While it might not beat any bespoke script, the user-sheet system as a whole is still highly performant thanks to memoization. Formulas don’t recompute unless their dependencies change, so anyone can revisit the results almost instantly, over and over again. If you’re looking to explore your data, and don’t yet know exactly what you’re looking for (such as when you’re designing and building your tool), this will save you a lot of time.

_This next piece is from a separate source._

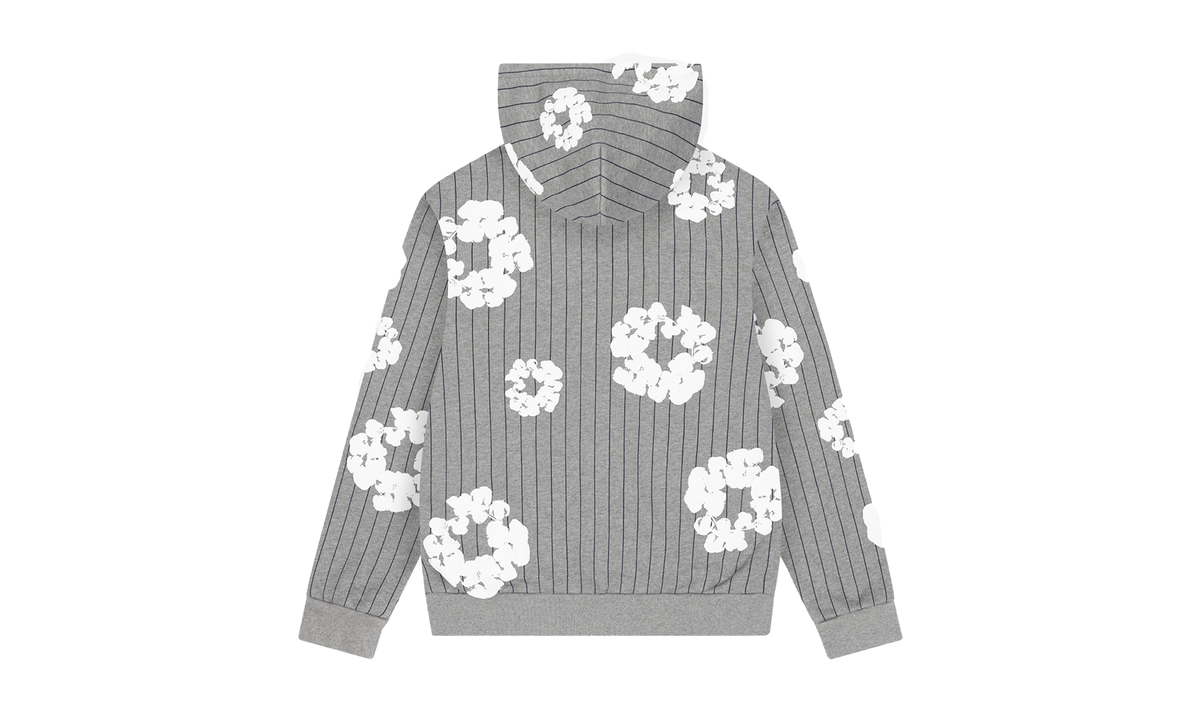 Pinstripe Wreath Zip Hoodie "Grey" DT241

Don’t know what formula to use? Google has excellent documentation. To anyone looking to get better at building spreadsheets, I highly recommend reading the full list of formulas to get a sense of what is possible. Tutorials abound, of varying quality. If you’re truly stuck, also remember that StackOverflow isn’t just for writing conventional code.
Reason 3: for the people
If you’re building a tool, half the battle is putting it in the hands of the people who will benefit from it. Sharing makes that as easy as sending an invitation or a link. With just a modern browser, anyone (authorized) can open it, anywhere. If you’re desperate, you can even access the tool from your smartphone, though the experience will surely suffer.
This doesn’t just apply to your tool! When users copy a template to fill it with their own data, they don’t just end up with a local copy. The resulting instance is equally shareable as the original.

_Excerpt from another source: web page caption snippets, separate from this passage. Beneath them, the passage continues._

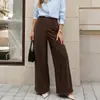 Pantalones de pana casual de pierna ancha de cintura alta de color liso, nuevos para el otoño de 2026, comercio transfronterizo europeo y americano, pantalones marrones para mujer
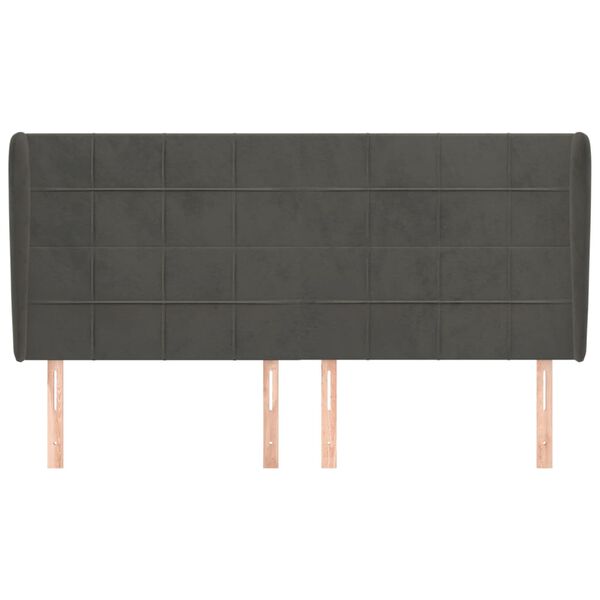 vidaXL galvgalis ar malām, 183x23x118/128 cm, tum&scaron;i pelēks samts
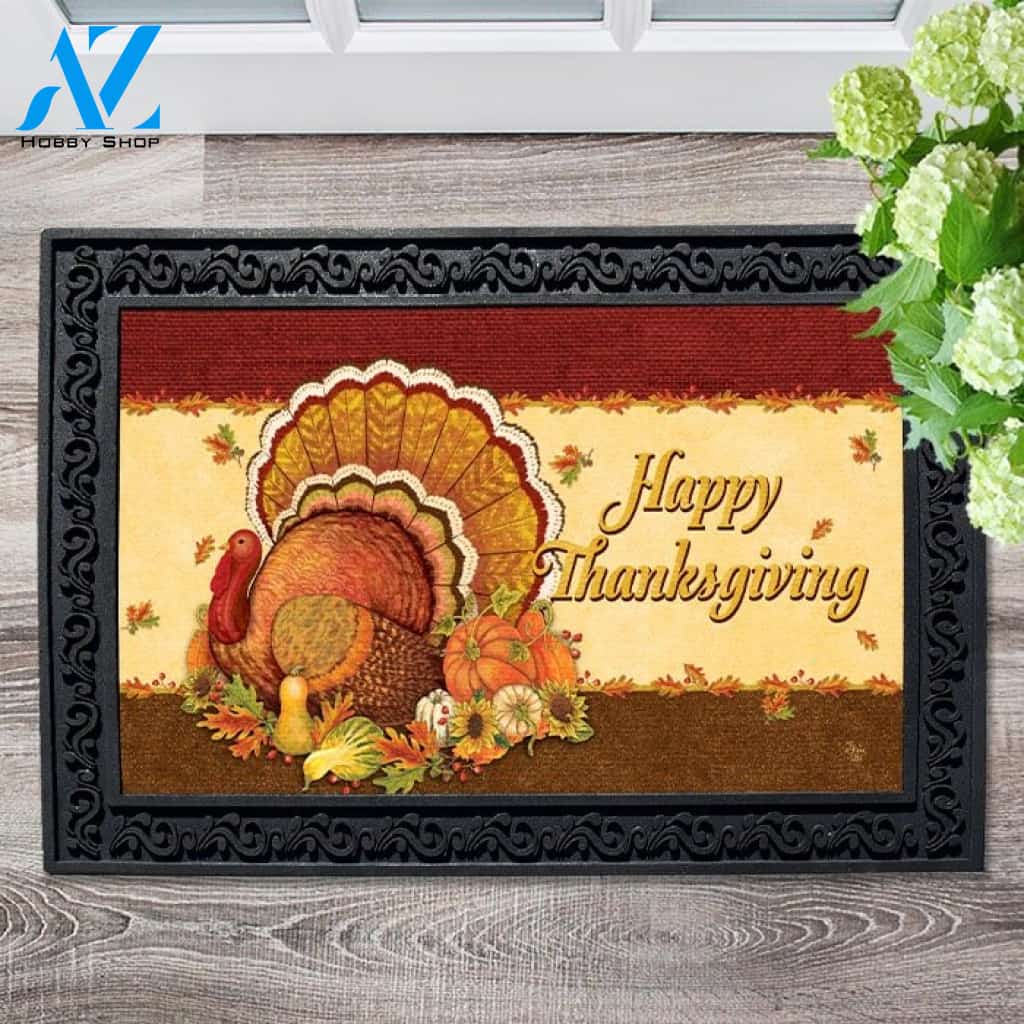 Happy Thanksgiving Turkey Doormat - 18" x 30"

Being in Google Sheets also means that you can take advantage of all sorts of Google integrations. Want a Slack notification every time someone comments on your sheet? There’s an app for that.
Reason 4: by the people
Personally, I love it when someone iterates on something I’ve built. It makes me proud that others see enough value in it to take the time to explore its potential. Google Sheets makes that easier than any platform I know. By default, every part of the tool can be edited (even the backend, by unhiding things). If there are parts that you don’t want others to tinker with, you can use protected sheets and ranges.

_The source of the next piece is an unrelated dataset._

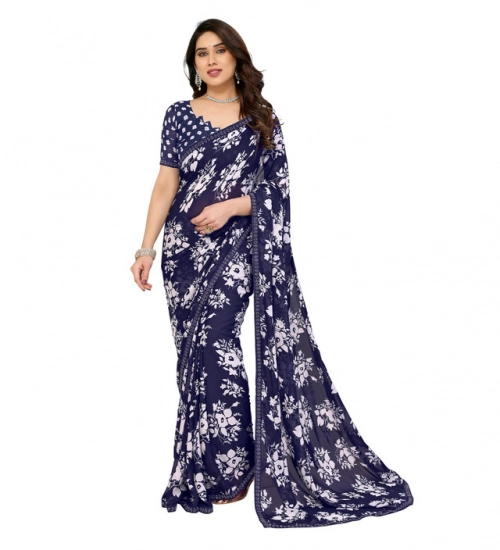 Women's Georgette Printed Saree With Unstitched Blouse 5.5Mtr (Navy Blue)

Among the people I’ve met, spreadsheet literacy is more common than code literacy because the latter usually grants the former. As the users of an internal tool, my team wants to be able to explore data and add features themselves. Thus, putting the tool in a Google Sheet makes it customizable to a larger part of the team. If they’re not versed in spreadsheets, comments still allow your users to give direct feedback on a specific part of the tool.
Reason 5: feel like a hacker
As much as I praise the flexibility of Google Sheets, it also has obvious limitations. Not everything is possible or practical, so it’s important to learn what you have at your disposal and decide whether a spreadsheet is actually appropriate. I’m pretty good (and lucky) at making that assessment, so I have yet to run into a situation where I discover that the thing I want to do is impossible. In fact, my usual discovery is that more is possible than I originally thought.
Building things in Google Sheets is thrilling. Compared to conventional coding, spreadsheet development is a unique problem-solving experience because of the distinct interface and its set of limitations. For once, you’re not using a framework designed for the job. Building tools in Google Sheets feels like a naughty appropriaton of the software’s power-user features to do something outside its regular use case.
I love the reaction I get when others realize I’ve built what they want in a spreadsheet, because it challenges their conventional view of what a spreadsheet is for. As you work with Google Sheets, that feeling dissipates for yourself, and is replaced with confidence. You’re a spreadsheet hacker — challenge accepted.
Disclaimer: Google isn’t paying me to write this, I’m just a fan :)
P.S. my second favourite tech stack is PERN.